PROBLEM TO WORK ON
Images excepted, the data below must be repeated exactly.

INFORMATION SUPPLIED

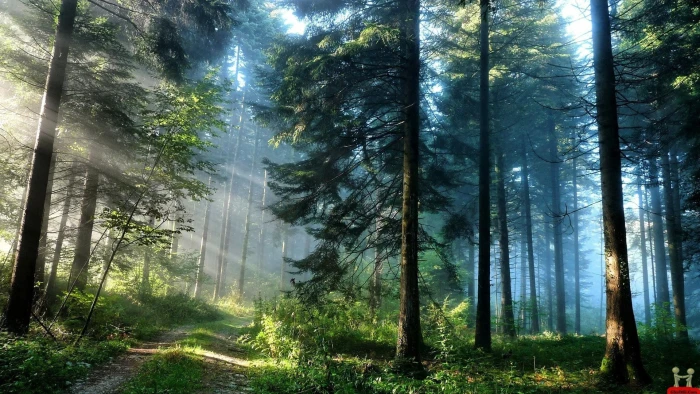 nature Cool Forest beauty images ultra hd 2k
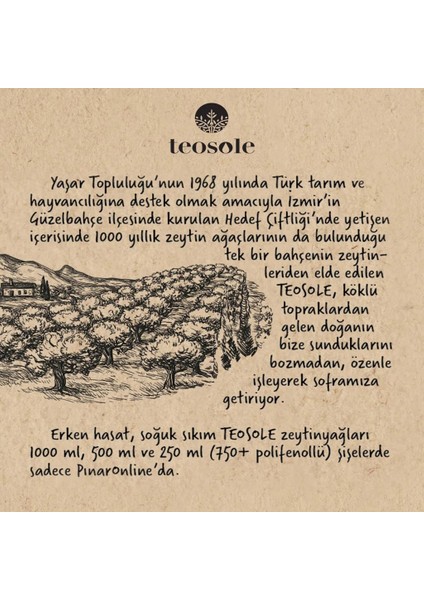 Teosole Kekikli Zeytinyağı 250 ml modelleri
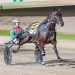 Good times rolled on for harness racing couple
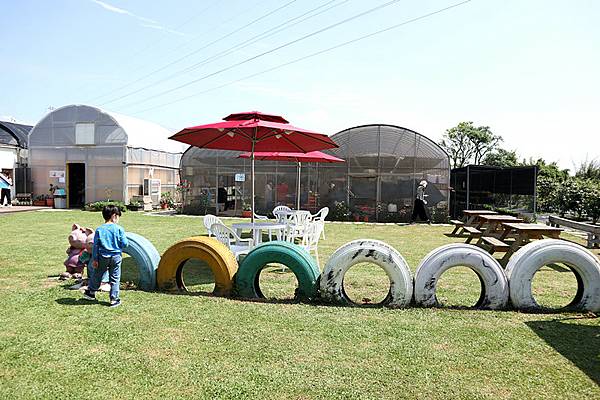 IMG_6174_副本 IMG_6174_副本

RESPONSE TO THE EXERCISE
 nature Cool Forest beauty images ultra hd 2k
 Teosole Kekikli Zeytinyağı 250 ml modelleri
 Good times rolled on for harness racing couple
 IMG_6174_副本 IMG_6174_副本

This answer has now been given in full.